Keepsake - Here Brian attempts to make peace with his absent father.  Not necessarily with the man himself, but in his own heart.  He’s not holding it against his father’s other family, “they were brothers to me, even if we never got to meet”.  Brian says all the right things publicly, about how his mom played both parts, and I’m sure she was a great mother, but if she’d truly played both parts, he wouldn’t feel the hole that was left by his missing father.  Absent fathers leave decades of ripples the size of tsunamis in their children’s lives.  

Too Much Blood - I sometimes wonder how certain people feel about what I write, but I can’t ask them because I can’t give them permission to influence what I write or don’t write.  If I allowed someone to have the power to censor what I could say, it would be devastating to me, not just as an artist, but to my soul.  I am sure it is difficult that people have me in their life, that I’m so willing to bleed onto the page, about something that might also affect them, so that I might share it with the world.  It sounds selfish to say, but the truth of it is, it’s a part of the package with me.  As he wrestles with it in this song, it’s part of the package with him too, but our loved ones should at least know that we wrestle with it.

Howl - Named for the Allen Ginsburg song, they’re still giving you the oohs and heys while name dropping poetry.  This two-minute banger asks someone if all her personal pursuits fulfill her now that she’s accomplished so much, or whether or not she’s lost the ability and wonder to take pleasure in the simple things in life.  

Biloxi Parish - Musically, this might be my favorite Gaslight song.  It grooves.  Relationships are messy, at least if you’re investing in them.  You don’t get love and loyalty without some missteps along the way.  The only way people don’t let you down is if they’re “ghosts”, otherwise, they’re “failures”.  If you allow someone into your heart, they will let you down.  The love of dead people, or fictional characters, they won’t let you down, but they won’t truly love you either.  You have to take the good with the bad.  

Desire - This is a straight up love song, something Gaslight does well.  Nothing complicated, but there’s some great lines here, “and some men spend their lives chasing the accolades of pride, but that never crossed my mind, you were always on my mind”.

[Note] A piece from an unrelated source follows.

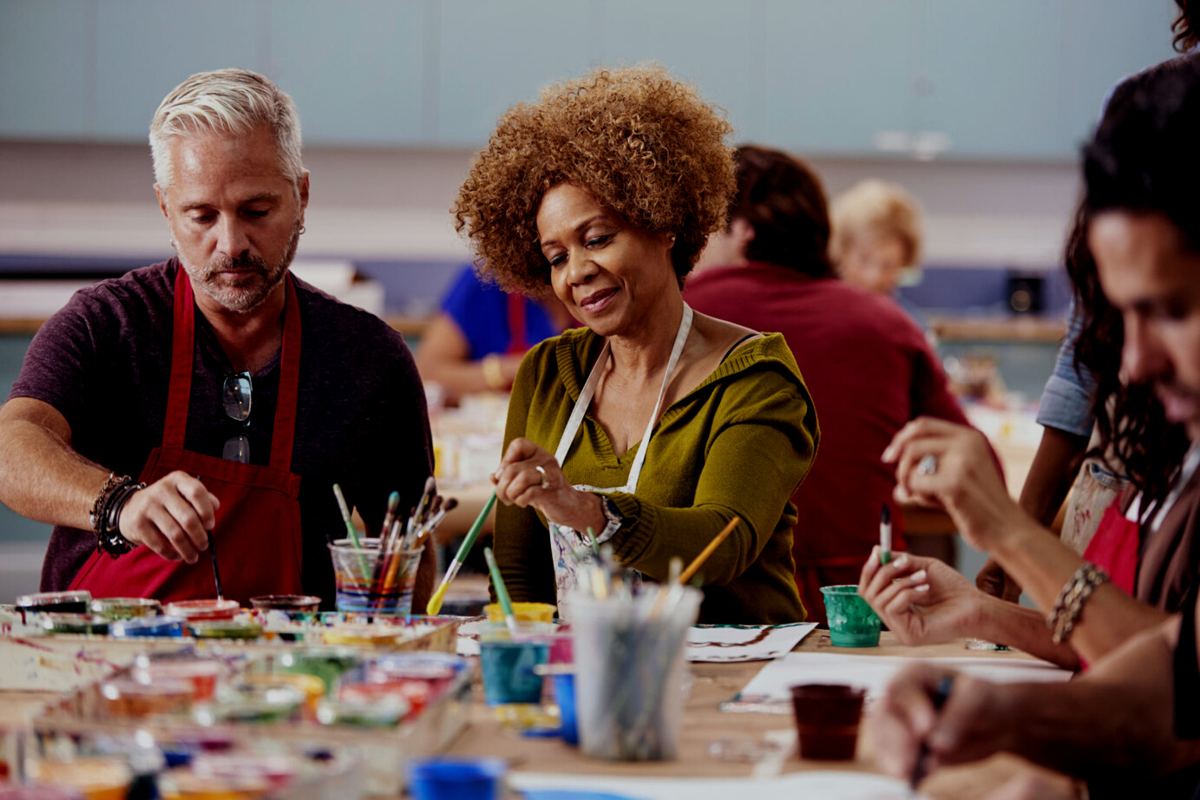 Older adults painting with brushes in a community class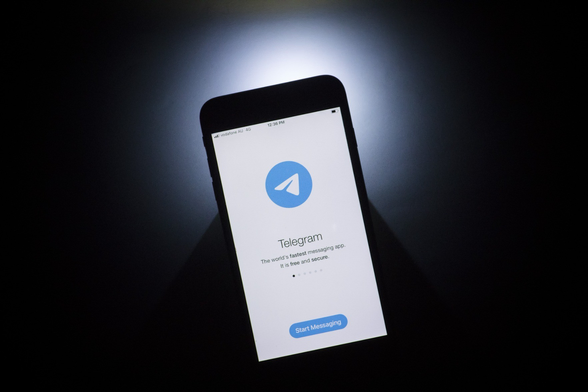Dark background. in the middle you can see a cell phone with the telegram app on the home screen. at the top the telegram symbol (blue circle with white sent sign) underneath it says " the worlds fastest messaging app. it's free and secure" at the very bottom of the cell phone screen blue start messaging button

Mae - This is Brian following in Bruce’s footsteps.  That common man's view on love.  Unlike Bruce, the son of the factory’s general manager, Brian grew up with a single mom.  He knows this life in a way Bruce can only pretend to.  The irony is, when you have everything, you can sometimes gloss over what’s really important in life.  When you have little, you cherish the things you have.

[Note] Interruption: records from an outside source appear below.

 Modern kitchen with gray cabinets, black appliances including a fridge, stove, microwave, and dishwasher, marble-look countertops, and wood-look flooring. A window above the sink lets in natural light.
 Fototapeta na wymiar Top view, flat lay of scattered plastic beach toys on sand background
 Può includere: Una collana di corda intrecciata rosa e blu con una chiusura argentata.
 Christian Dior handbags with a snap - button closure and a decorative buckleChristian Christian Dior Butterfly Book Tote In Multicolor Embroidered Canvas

National Anthem - Brian and I are the same age.  He’s a couple months older.  We’re the last of folks who grew up in a different world.  We grew into this world of technology, but we weren’t born into it.  There’s lots of good things - I’m writing on it now - but anytime you gain something, you lose it.  Sometimes the trade is worth it, sometimes it’s really not.  He’s not making judgments, he is just pointing it out and asking you to ask yourself.  

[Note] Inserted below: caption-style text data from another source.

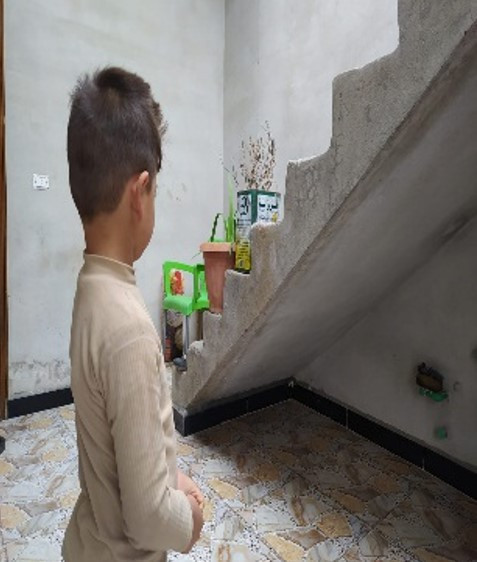 An orphan from Ar-Raqqa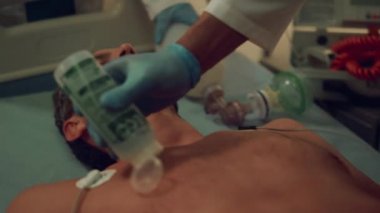 Acil serviste baygın bir adamı defibrilasyona sokan doktor elleri kapalı..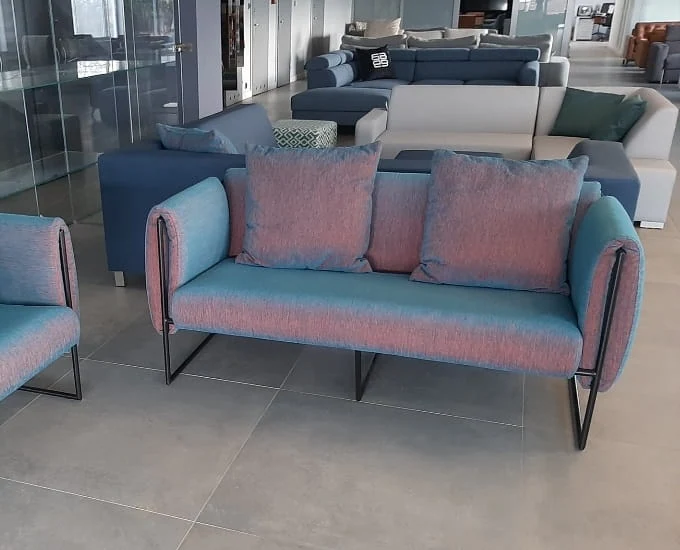Holograficzna sofa dwuosobowa „Goa” w kolorze niebiesko-różowym na czarnej metalowej ramie z dwiema poduszkami oparcia.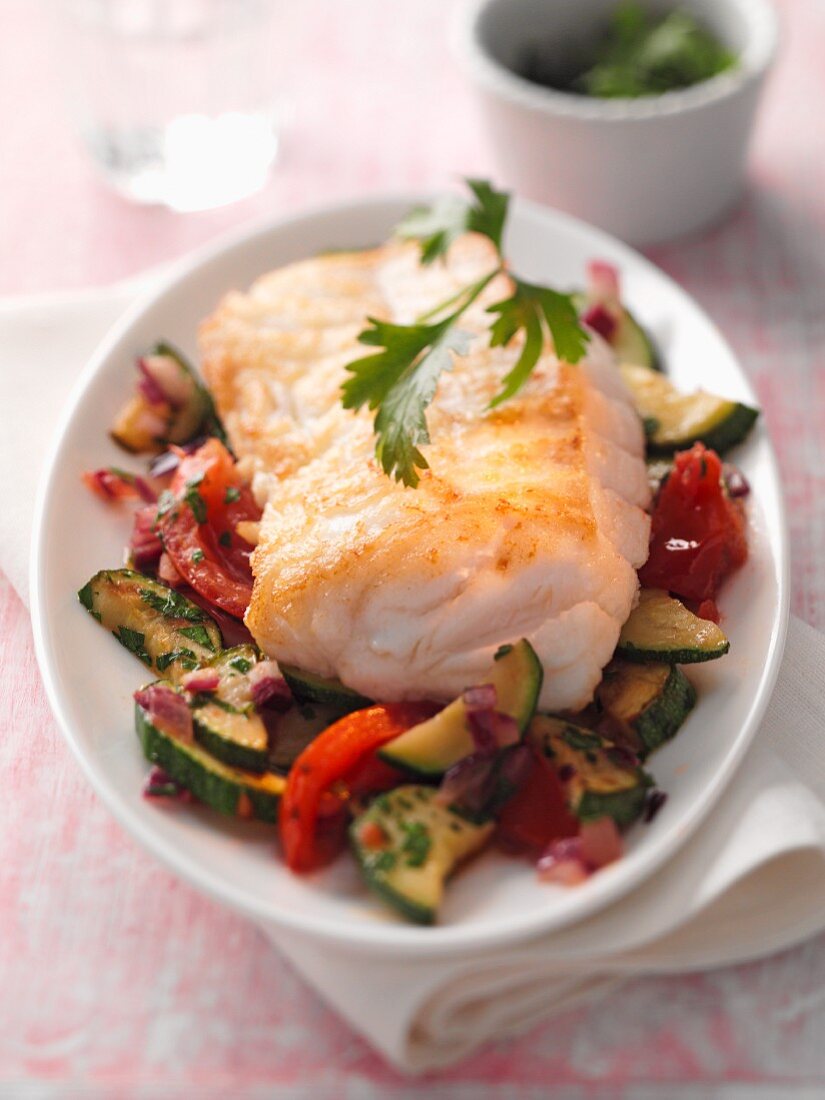 Fish fillet on a bed of courgette and tomatoes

This record moves me in a way that few records continue to move me through the years.  Often, a record will coincide with your life in such a way that it means everything to you in that moment.  Then the moment changes.  You can enjoy that record, it can make you nostalgic, but it’s not relevant to you anymore.  This record, like all Gaslight record, gives me nostalgia, but this record keeps me in the moment when it does it.  That is an incredibly rare feat.  

If you know this record, listen to it again.  If you don’t, you need to, as soon as possible.  Preferably, on headphones, or alone in your car.  There’s still plenty of things in life to feel wonder for, let’s not forget that.